Even when it was about hunting on the outdoors channel it was still funny... They just like to have a good time... Jase is hilarious to me...


----------



## A TRUE DUCKCALLER (Mar 29, 2012)

You all have good points ....


----------



## Les Miles (Mar 29, 2012)

I'm from West Monroe. Some of those folks ain't acting dumb for the cameras. But overall I like the show. Gives us insight into the Robertson family and how they run their business.


----------



## rockwalker (Mar 29, 2012)

The frog catchin at the country club was priceless!


----------



## Wastin Bullets (Mar 30, 2012)

It was hilarious when all you see is the lights and then Phil just takes off running... definitely was the best part so far... all though the flooded loading dock was pretty funny as well


----------



## nhancedsvt (Mar 30, 2012)

I was a big fan of the Duck Commander shows...these not so much. Most of it seems staged and cheesy. Also it seems to be focused too much around Willie...everything is "Jace, Willie's brother" or "Phil, Willie's dad." Overall I'll probably still watch it a little while longer.

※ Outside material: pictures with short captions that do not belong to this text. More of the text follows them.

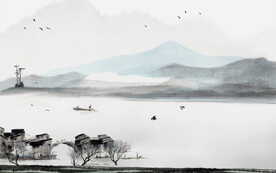 轻奢装饰画 新中式山水画 房屋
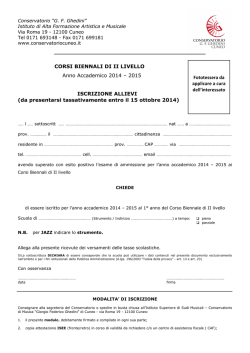 MODULO ISCRIZIONE BIENNIO A.A. 2014-2015
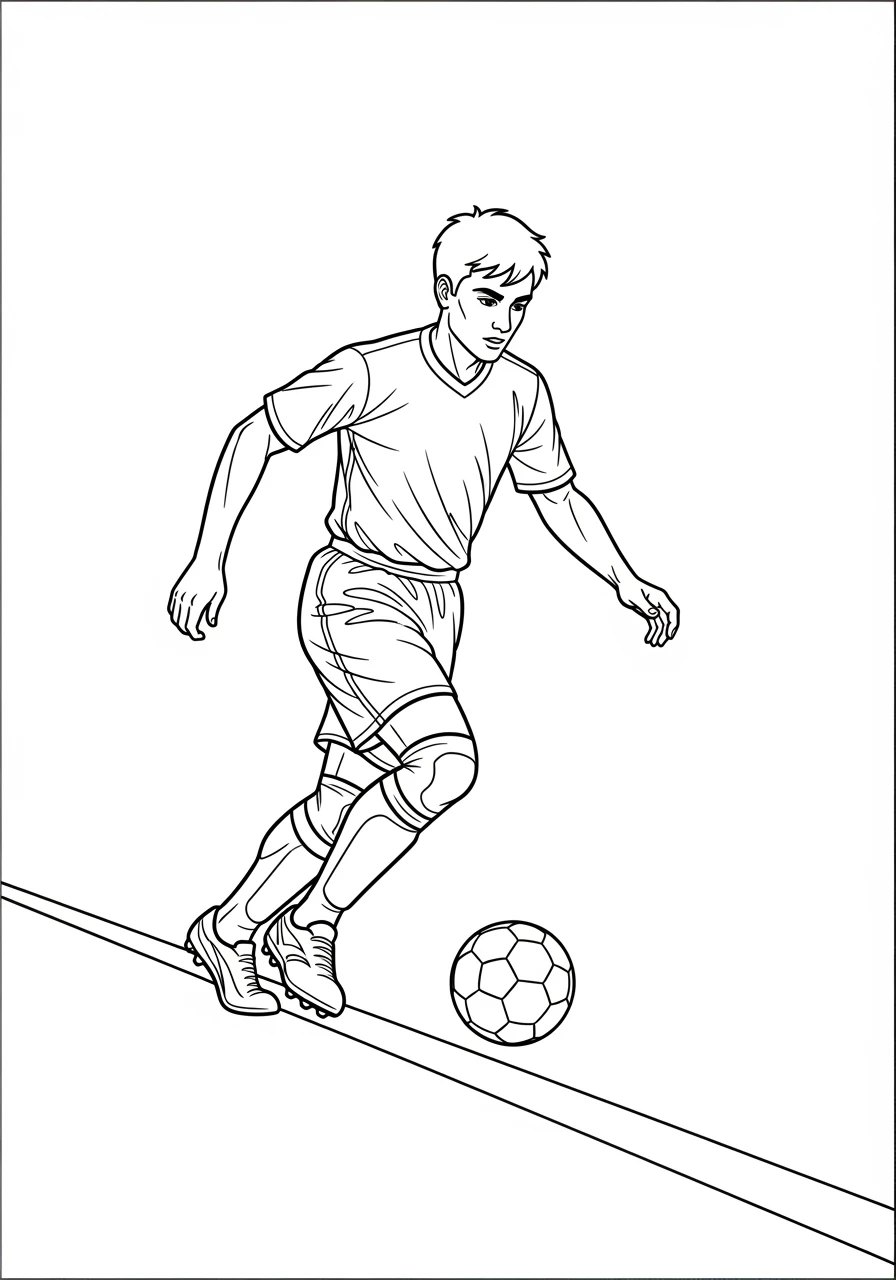 Fußballer dribbelt im Sprint
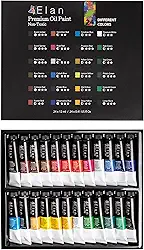 Elan Conjunto profissional de tinta a óleo, 24 mini tubos de cores vibrantes 12 ml, tintas a óleo não tóxicas para pintura em tela, tintas de arte para adultos e artistas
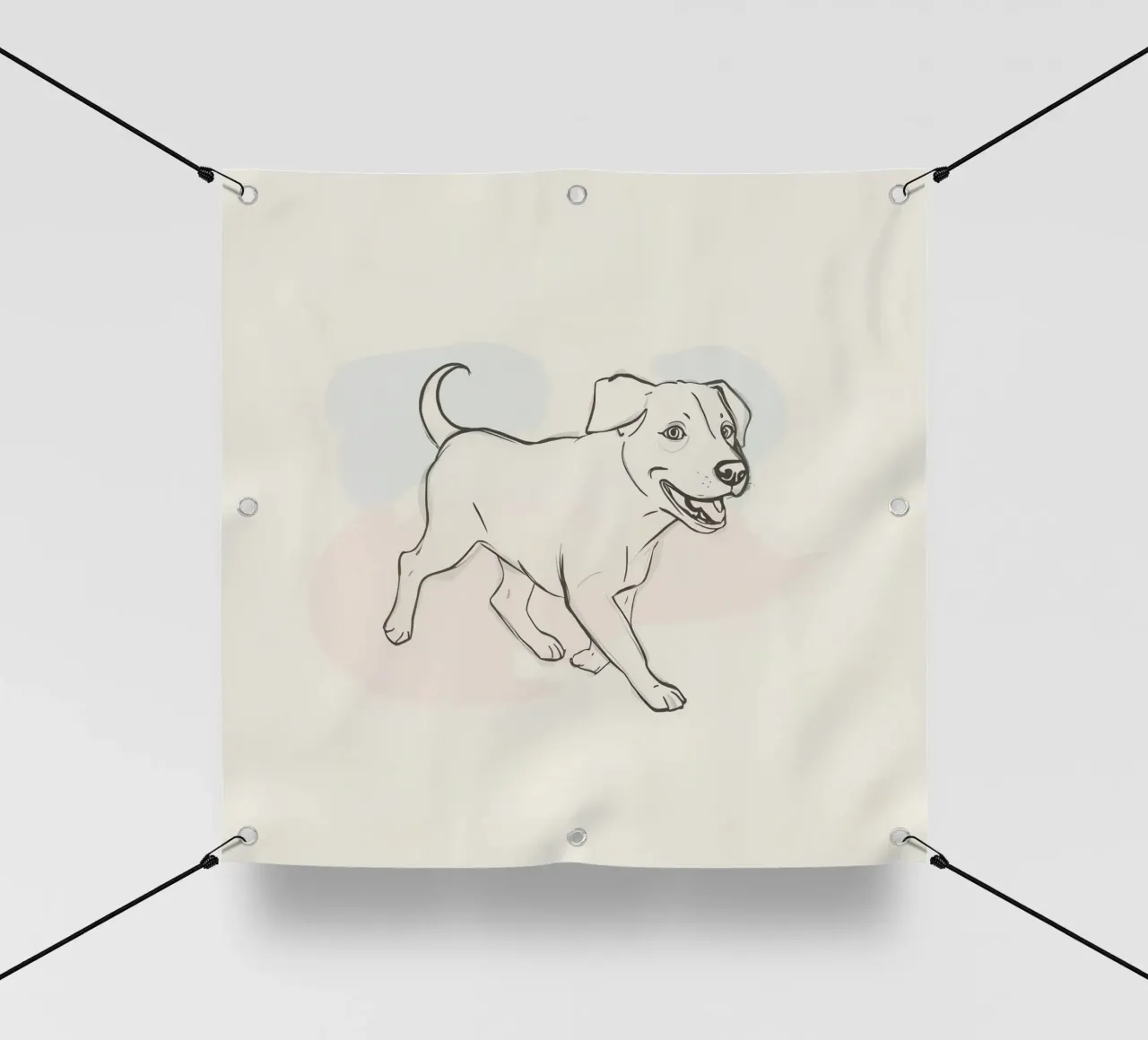 Elegant line drawing of a flower against a soft background pvc cover by DesignDoodle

Beats Dancing with the Stars...


----------



## Les Miles (Mar 30, 2012)

nhancedsvt said:


> I was a big fan of the Duck Commander shows...these not so much. Most of it seems staged and cheesy. Also it seems to be focused too much around Willie...everything is "Jace, Willie's brother" or "Phil, Willie's dad." Overall I'll probably still watch it a little while longer. Beats Dancing with the Stars...



You have to remember that A&E is an entertainment network. This show isn't going to be about duck hunting. It's going to be about a bunch of good ol' boys from small town Louisiana who are trying to take a 40yr old family-run-business to the next level.

If you want to watch Phil kill ducks then order the DVDs or watch the Duck Commander show.

If you want to see drama and entertainment about the Robertson family, watch Duck Dynasty.


----------



## A TRUE DUCKCALLER (Mar 30, 2012)

nhancedsvt said:


> i was a big fan of the duck commander shows...these not so much. Most of it seems staged and cheesy. Also it seems to be focused too much around willie...everything is "jace, willie's brother" or "phil, willie's dad." overall i'll probably still watch it a little while longer. Beats dancing with the stars...



you know...you have alot of good points....sooooo i guess ,we should call it "willie's show "..lol


----------



## Wastin Bullets (Mar 30, 2012)

I do agree that it's about Willie to much... But he is the one that runs the business... and its about the Business and not the Duckmen...


----------



## Turkey Trax (Mar 30, 2012)

waterdogs said:


> I call them a sell put. I don't like it.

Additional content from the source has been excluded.